Esmvaltool: Why do we want to CMORize all observational datasets?

Created on 4 Jun 2019 · 5Comments · Source: ESMValGroup/ESMValTool

Maybe we should rather define certain interfaces to existing packages that take care of reading datasets into common Python data structures. E.g. particularly suitable for reading a very diverse set of data in different formats is intake. Another interesting project focusing on satellite datasets is open data cube.

observations question

Source

bascrezee

All 5 comments

@hb326 thoughts? Comments?

zklaus on 4 Jun 2019

@mattiarighi just answered this question offline to me, his answer is :

because we want to have a pool of observational data

bascrezee on 4 Jun 2019

That does not really answer the question, because you can also have a pool of observational data without reformatting it.

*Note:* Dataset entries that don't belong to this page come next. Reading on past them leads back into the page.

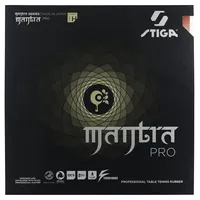 Stiga Erwachsene (Unisex) Mantra Pro H Tischtennisbelag, Rot, 2.1 mm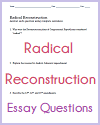 Radical Reconstruction Essay Questions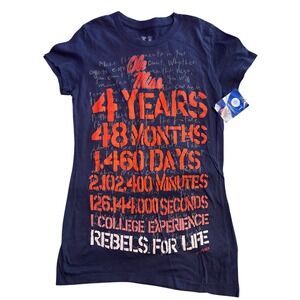NEW My U Ole Miss Rebels College Experience Graphic T Shirt NCAA  Women's M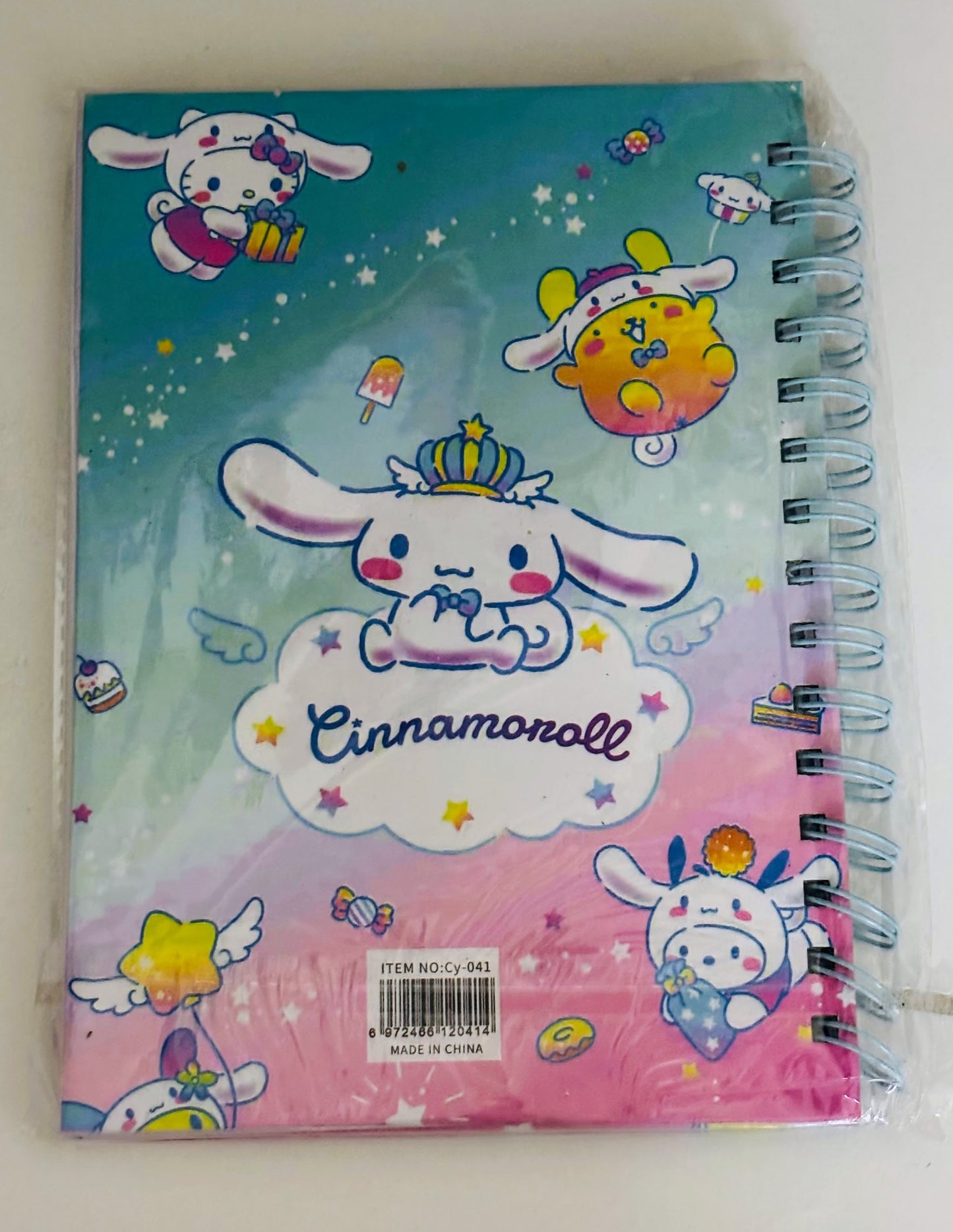 A5 Spiral Hard Cover Sanrio Themed Diary (1 Diary)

I think the real answer is probably more a perceived run-time advantage, reformatting takes some time, so if you have to do it every time you run a recipe, it could potentially be slower.

bouweandela on 6 Jun 2019

I'll take a step back and point to a few things:

reformatting needs to be done according to a number of standards: CF and CMOR conventions most importantly but also ESMValTool-specific conventions that are not forcefully imposed but it makes life easier (ie preferred time units, preferred metadata items etc) so it's much better if reformatting is done once and reformatted data is shoved into a box from where it can be used right out the box;
as @bouweandela points out reformatting can be done on the fly but can potentially be time and CPU consuming depending on how much data needs to be converted;
one social aspect to this matter is the user's comfort knowing that there is a database with nicely formatted data where they can just point the tool to and all is done smoothly (ie risk of tool's failure is smaller since it needs to perform less actions) - same aspects the ESGF nodes provide the user - a nice place where nice data lives (nice my arse, given how many problem ESGF data has but that's a different fish altogether)
lastly, the question of LARGE datasets comes in my mind, the ones that are so large that they can't be stored in one place but need to be reformatted on the fly -> that is something that should probably be done on the fly, but apart from that I reckon if we can store data then we should run the reformatting as few times as possible
:beer: